▸ **Work instructions**
Where the line containing "TABELA 7. Pomoc" appears in the records below, begin there and repeat each line exactly through the final one, dropping all pictures.

▸ **Data extract**
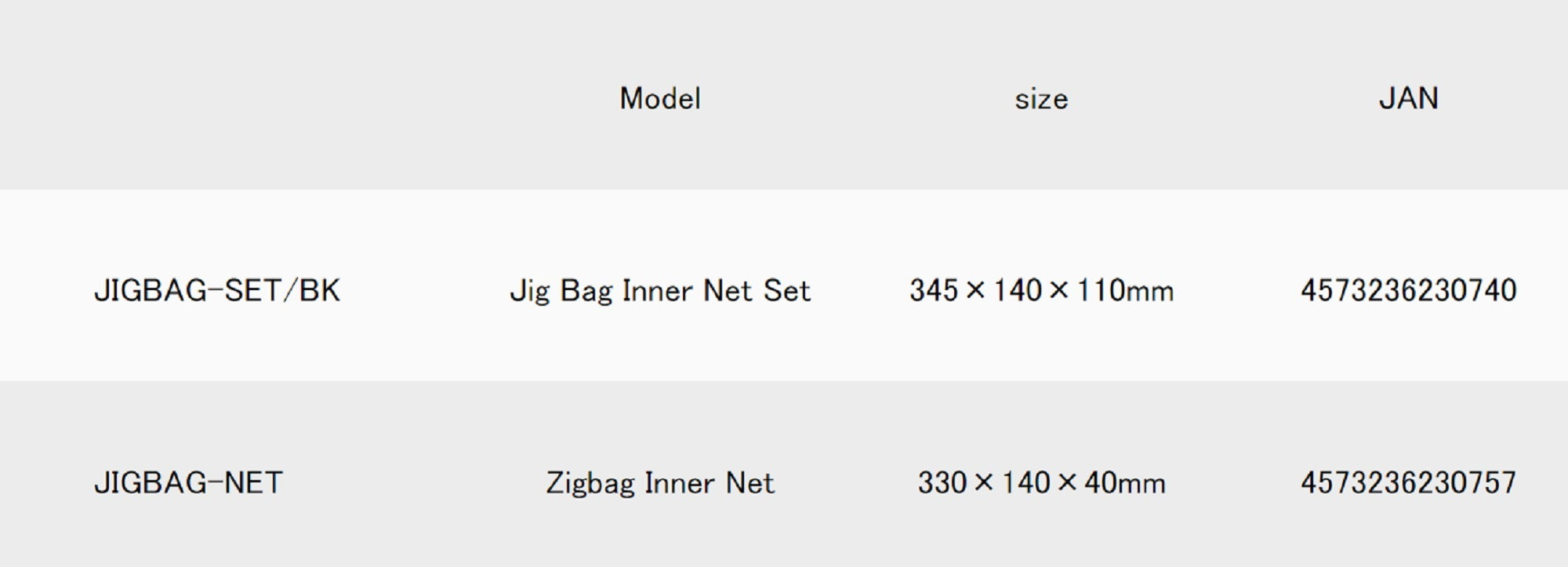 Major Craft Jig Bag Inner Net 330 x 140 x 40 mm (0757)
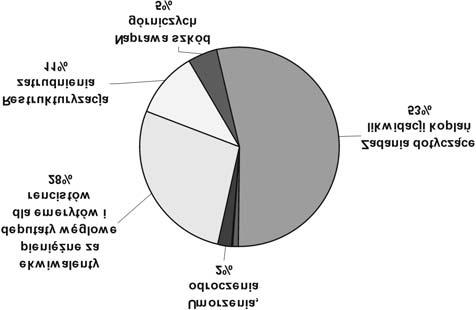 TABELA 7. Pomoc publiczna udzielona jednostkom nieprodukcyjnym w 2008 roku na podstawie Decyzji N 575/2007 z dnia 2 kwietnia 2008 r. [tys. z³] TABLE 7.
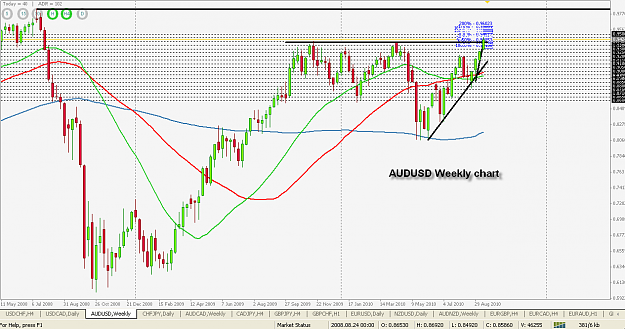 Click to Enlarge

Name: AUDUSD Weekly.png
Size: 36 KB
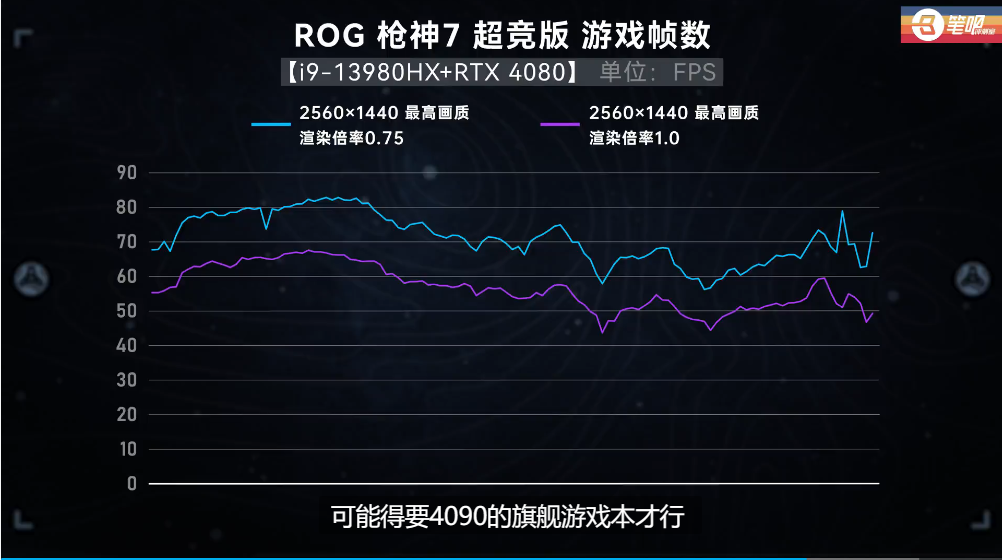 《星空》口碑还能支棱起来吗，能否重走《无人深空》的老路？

▸ **Answer section**
 TABELA 7. Pomoc publiczna udzielona jednostkom nieprodukcyjnym w 2008 roku na podstawie Decyzji N 575/2007 z dnia 2 kwietnia 2008 r. [tys. z³] TABLE 7.
 Click to Enlarge

Name: AUDUSD Weekly.png
Size: 36 KB
 《星空》口碑还能支棱起来吗，能否重走《无人深空》的老路？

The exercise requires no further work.